WHAT THE EXERCISE ASKS:
Leave out the pictures and copy each record below exactly.

PROVIDED RECORDS:
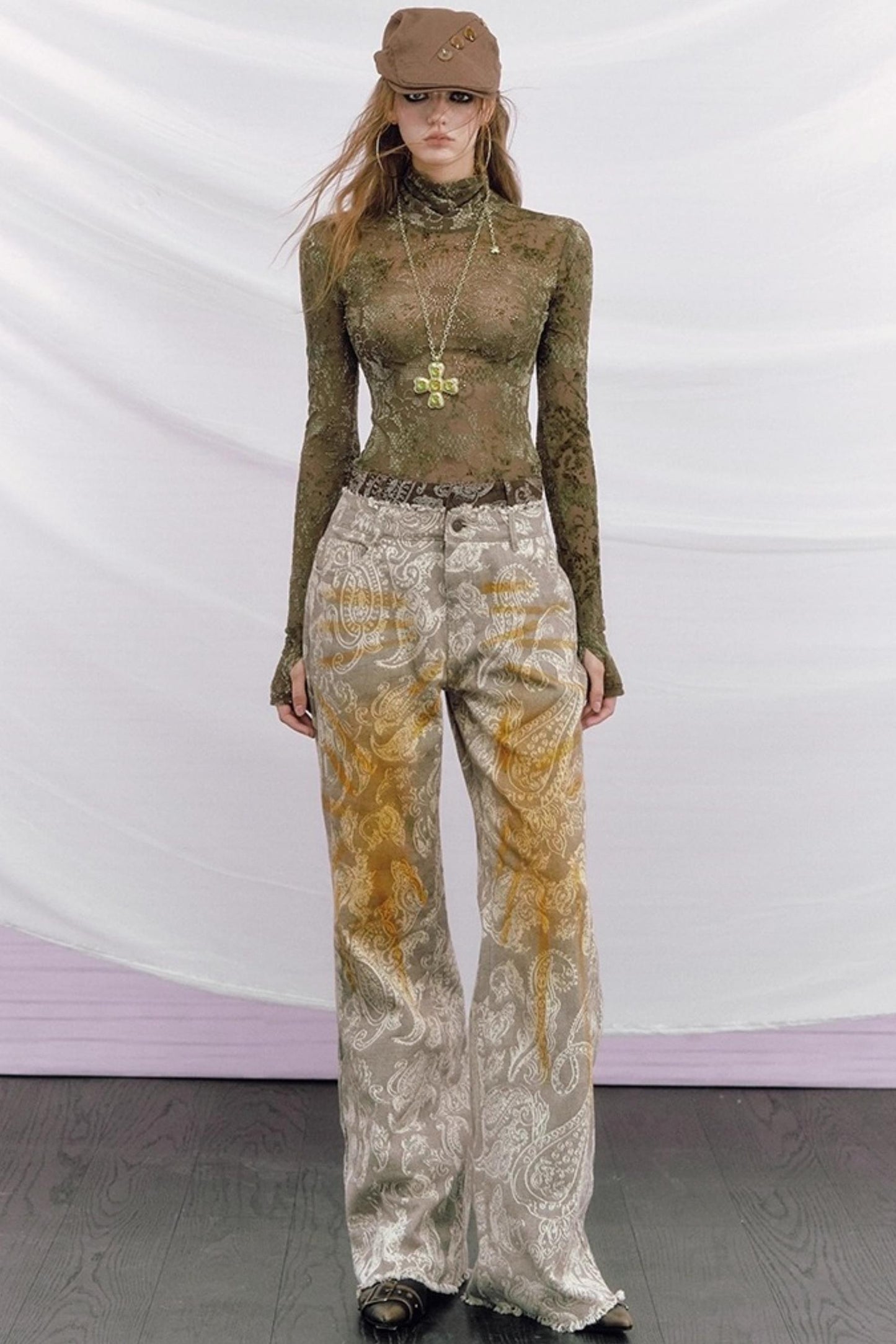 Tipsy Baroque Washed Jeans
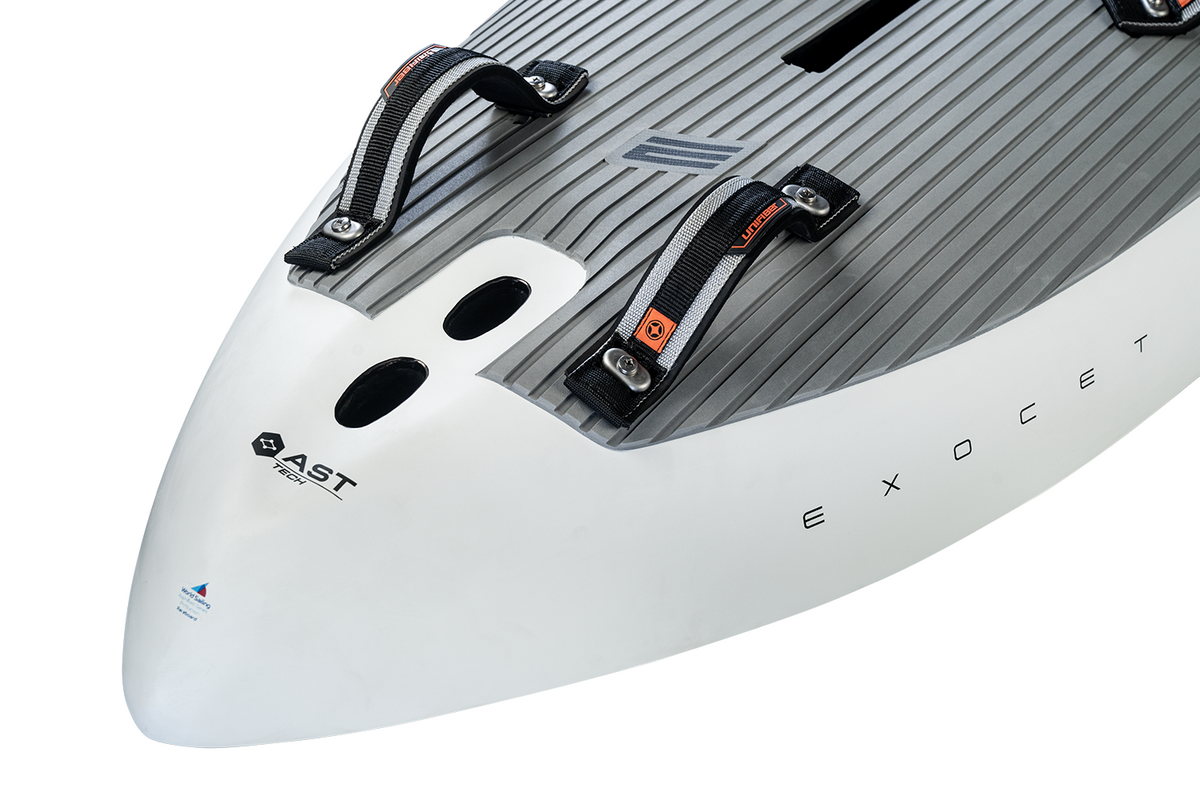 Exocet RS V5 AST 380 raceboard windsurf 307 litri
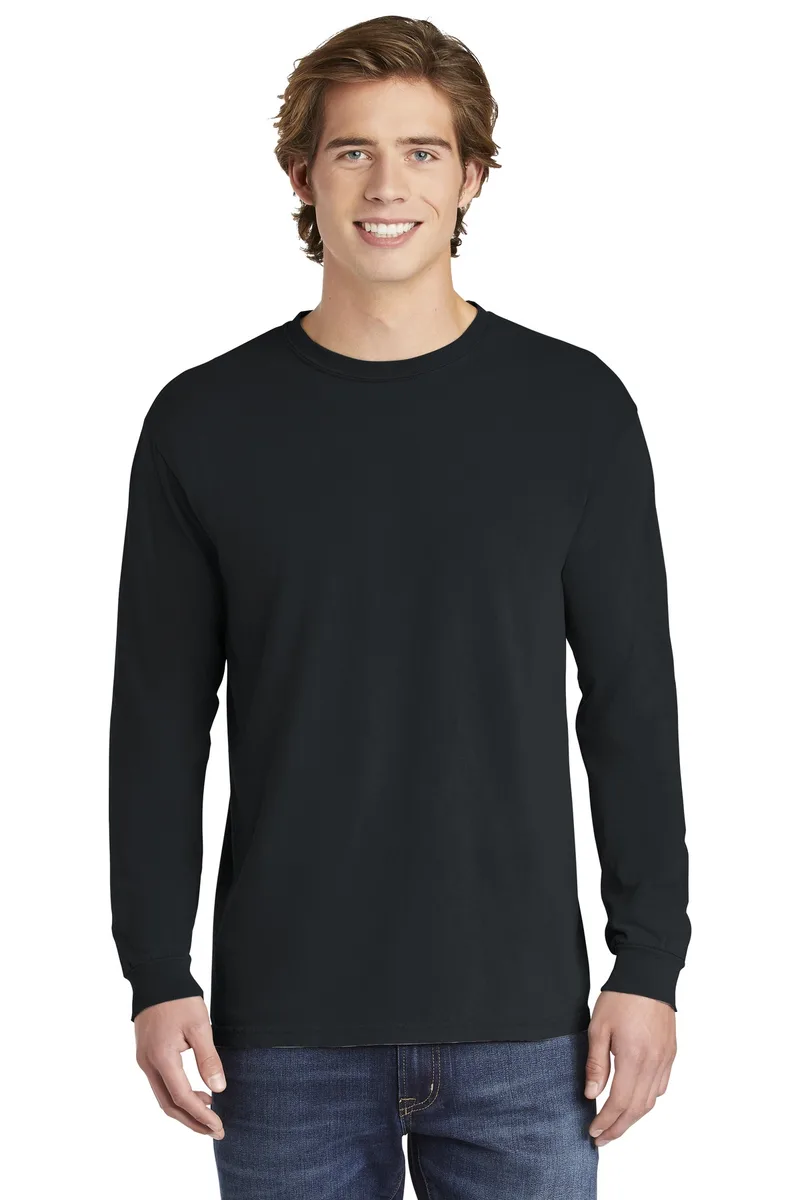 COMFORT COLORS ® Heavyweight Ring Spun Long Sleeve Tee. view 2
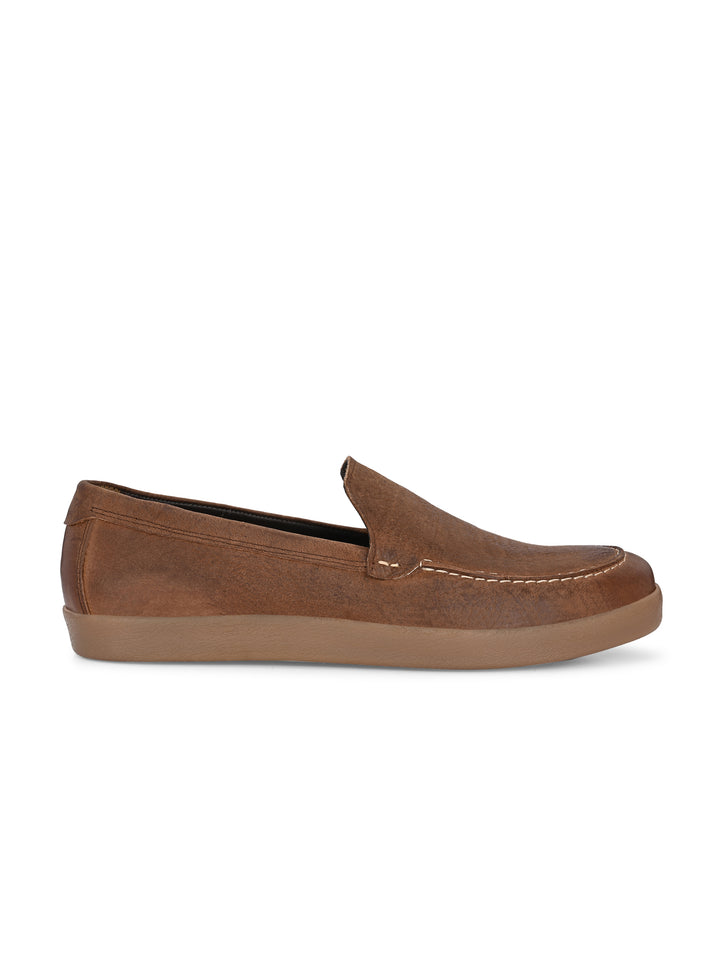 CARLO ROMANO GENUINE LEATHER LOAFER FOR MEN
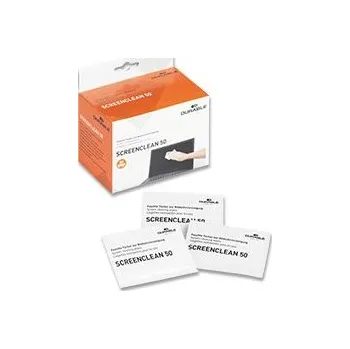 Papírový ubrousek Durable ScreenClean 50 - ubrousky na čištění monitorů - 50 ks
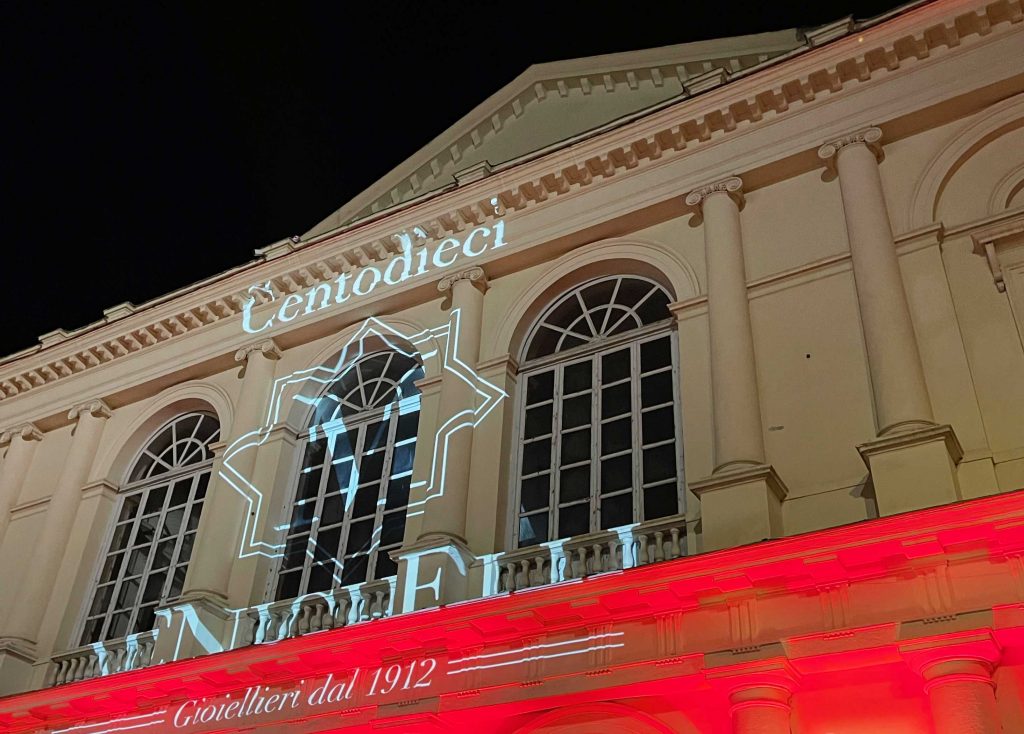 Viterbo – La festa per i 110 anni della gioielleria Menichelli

RESULT FOR THIS EXERCISE:
 Tipsy Baroque Washed Jeans
 Exocet RS V5 AST 380 raceboard windsurf 307 litri
 COMFORT COLORS ® Heavyweight Ring Spun Long Sleeve Tee. view 2
 CARLO ROMANO GENUINE LEATHER LOAFER FOR MEN
 Papírový ubrousek Durable ScreenClean 50 - ubrousky na čištění monitorů - 50 ks
 Viterbo – La festa per i 110 anni della gioielleria Menichelli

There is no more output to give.